The Eisenhower Administration, which does not view bigness in itself as cause for antitrust action, is nevertheless considering eight possible auto suits involving such things as dealer contracts, finance-company tie-ins and sales of parts. And under an Administration less friendly to business, any new boost of G.M.'s share of the market might well bring an all-out antitrust attack.
If it wanted to, G.M. could probably drive Chrysler and the former independents to the wall by cutting prices low enough. Harlow Curtice has no intention of doing so--and for the sake of national security, no Administration would sit idly by and watch if he tried.
Thus 1955 will be a year of decision for General Motors as well as the rest of the auto industry. Harlow Curtice does not plan to help his competitors compete. As he says: "I don't see how we can stop people from buying G.M. cars." But he fervently hopes that they will be able to stand up to his Goliath and fight--and thus keep the long arm of the Government from mixing in the auto industry. Curtice thinks his competitors can do it, and so do they. For automen 1955 may well provide the answer.
* One of them showed a mustached international smoothie, outfitted with Homburg and umbrella, whispering mysteriously to an innocent-looking girl: "I could arrange to import for you an authentic set of secret, smuggled photographs of the new Chevrolet!" Cautioned the ad: "Beware of impostors, Continental bounders and novel approaches. The new Motoramic Chevrolets will be seen by everybody at the same time."
* While most of his time is spent with the auto divisions, Curtice also runs Frigidaire, the diesel divisions (G.M. is the biggest U.S. maker of diesel locomotives) and the rest of G.M.'s 4O-odd divisions. Among them: Delco radios, motors, etc.; Allison engines; AC Spark Plug.

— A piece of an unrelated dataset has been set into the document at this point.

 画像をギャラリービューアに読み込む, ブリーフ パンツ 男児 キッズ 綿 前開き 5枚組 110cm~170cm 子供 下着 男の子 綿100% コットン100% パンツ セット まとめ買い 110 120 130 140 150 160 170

* Among them: Executive Vice President Louis Clifford Goad, 53, who, like Curtice, was general manager of AC Spark Plug; Vice President Roger Kyes, 48, former Deputy Secretary of Defense, who now runs G.M.'s appliance divisions and G.M.C. Truck & Coach; Vice President Ivan Wiles, 56, who followed Curtice as Buick boss and grabbed third place in sales this year; Vice President John F. Gordon, 54, head of the body and assembly group and a fast breaker of bottlenecks; James E. Goodman, 49, vice president in charge of Fisher Body; Vice President Sherrod E. Skinner, 58, head of G.M.'s accessories group, who did a crack job in getting G.M.'s Livonia transmission plant back into production after its fire last year.